The incident was a good indicator of how far Depeche Mode’s popularity has grown in the U.S. since its first American top 20 hit, “People Are People,” in 1985.

“Personal Jesus,” released in 1989, went on to be one of the year’s best-selling 12-inch recordings and the group’s first U.S. gold single.

The group became certifiable superstars when 1990’s “Violator” album went multiplatinum, selling 6 million units. The accompanying tour brought Depeche Mode to stadiums and an estimated audience of 1.2 million in eight months.

“Songs of Faith and Devotion” (Sire Records) arrives in stores tomorrow, three years after the “Violator” success story.

Lead singer Dave Gahan has virtually changed his image by growing a beard and long hair, a departure from his previous stubble. The album also shows change, with Depeche Mode using outside musicians for the first time (including a 28 -piece orchestra) and showing the influence of songwriter Martin Gore’s interest in gospel.

With more emphasis on guitars in addition to their trademark keyboards, “Songs” avoids the techno groove many observers anticipated. “We sort of reacted against that,” Fletcher said. “We always tend to do the unexpected.”
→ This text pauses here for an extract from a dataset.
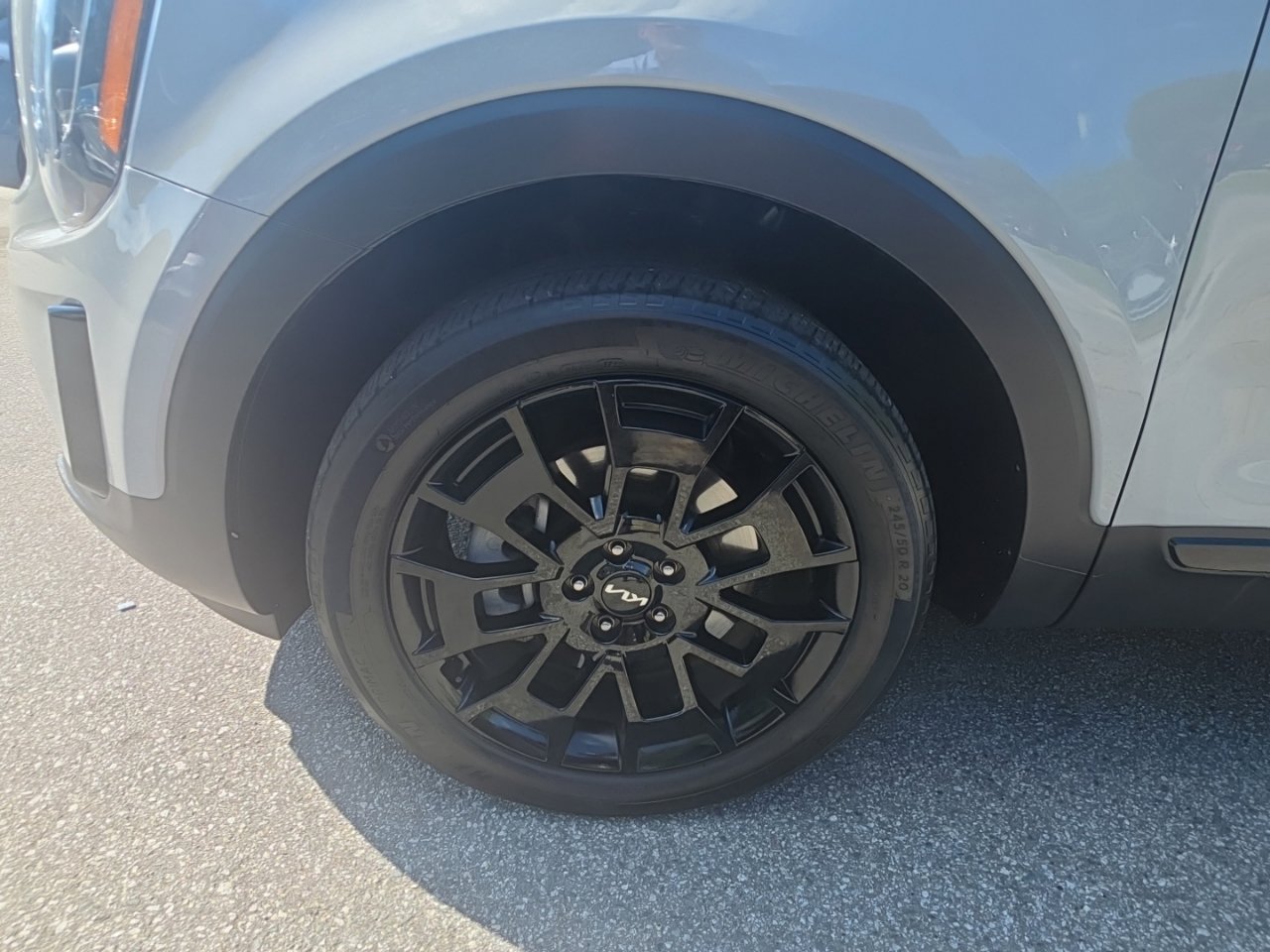 Used 2022 Kia Telluride SX w/ SX Prestige Package AWD/4WD image 13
Early signs of success are good. The single “I Feel You” has jumped from No. 70 to No. 37 on the Billboard Hot 100 Singles chart after only two weeks. The video, directed by renowned photographer/director and longtime Depeche Mode collaborator Anton Corbijn, is an MTV exclusive and in heavy rotation.

Although Depeche Mode considered not touring behind this record, the upcoming stadium tour will end up being much longer than the “Violator” road show.